Após ter sido condenado à morte pelo tribunal, Meursault é recolhido à prisão e passa a ruminar a existência. Rejeita a visita do capelão da prisão por diversas vezes. Até que certo dia, este aparece e tenta estabelecer um diálogo com uma finalidade bem óbvia: o arrependimento e a conversão à fé, como fica claro no diálogo estabelecido pelos dois. Todavia, Meursault se nega a este artifício. O padre tenta derrogar a obstinação de Meursault, mas em vão.

Para explicar isso, é conhecido a alegoria criada pelo escritor em um ensaio de 1941, conhecido como O mito de Sísifo, para exemplificar em que a vida está estribada. Segundo ele, Sísifo, personagem da mitologia grega, foi condenado pelos deuses a rolar uma pedra de peso e proporções enormes por um aclive. O trágico da existência de Sísifo é que, todas as vezes que ele chegasse ao cume da montanha, a pedra rolaria monte abaixo. E Sísifo empreenderia a ação infinitamente, sempre de maneira infausta e deprimente. O seu esforço redundaria sempre em insucesso.

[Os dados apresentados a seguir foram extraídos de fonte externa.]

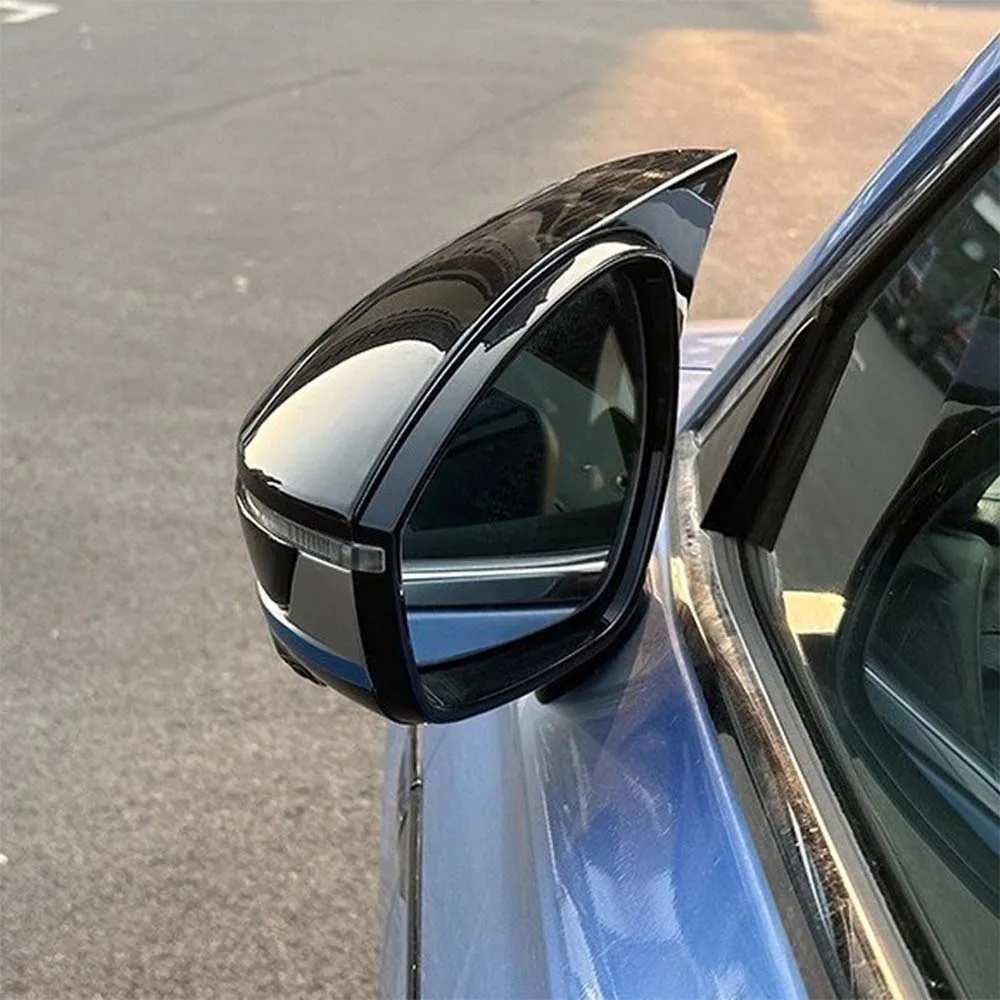 Car Upgrade Door Mirror Cover For Chery Arrizo 8 2021 2022 2023 2024 Rearview Accessories Carbon Fiber Glossy Black Decoration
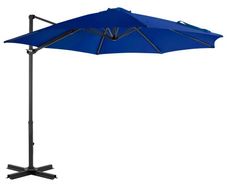 Cantilever Umbrella with Aluminium Pole Azure Blue 300 cm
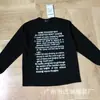 Erd Americano Melancólico Rico Segunda Generación Holgado Casual Versátil Diseño de Nicho Camiseta Base Otoño e Invierno Camiseta Transfronterizo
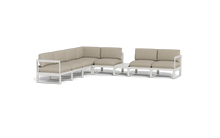 Load image into Gallery viewer, Mistral - Sectional - Sandstone - Ellipse - Sandcastle

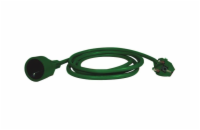 Prodlužovací kabel 5m / 1 zásuvka / zelený / PVC / 1mm2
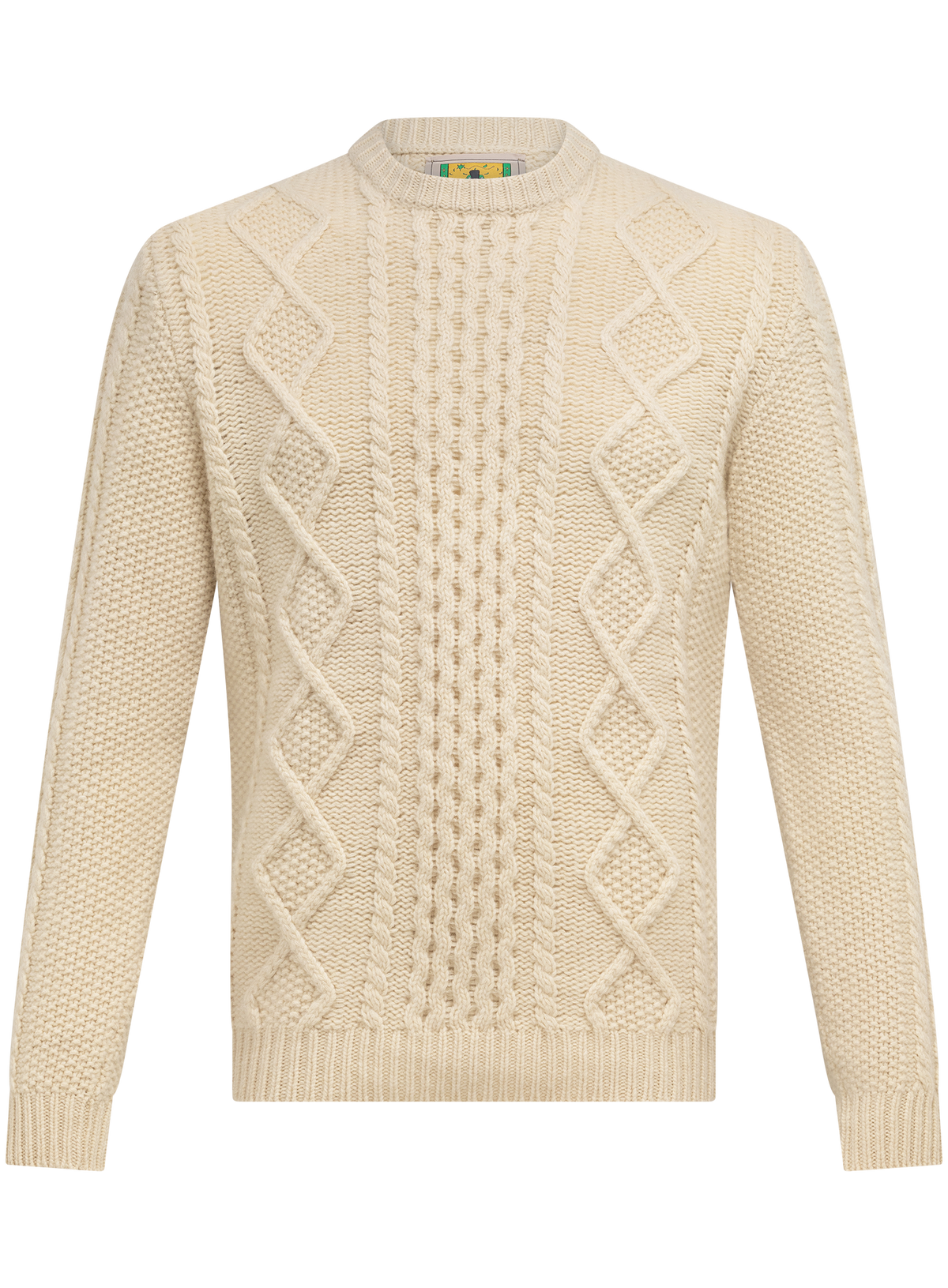 Kabeltrui in wol | L.Beige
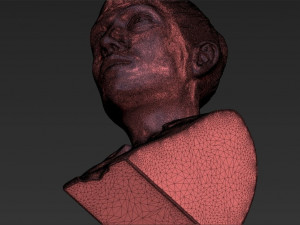 jennifer lopez bust ready for full color 3d printing Modèles 3D en vedette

Como um bom existencialista, Camus sabia que a única possibilidade é, de enquanto rolamos a pedra montanha acima, nos ocuparmos com um projeto que abra janelas de sentidos. É assim que surge a frase como um lampejo de luz nessa atmosfera agônica e trágica em O estrangeiro: "Mamãe costumava dizer que nunca se é completamente infeliz. Mesmo na prisão..." (p. 113). Ou seja, mesmo condenados a vivermos no absurdo podemos experimentar as cintilações de beleza do universo. Mas a pedra... ah! a pedra rolará, pois estamos condenados a isso...
P.S. Luchino Visconti, que adaptou belamente Morte em Veneza, de Thomas Mann, filmou em 1967 O Estrangeiro, de Camus. Vale a pena ver. Pode ser encontrado no Youtube.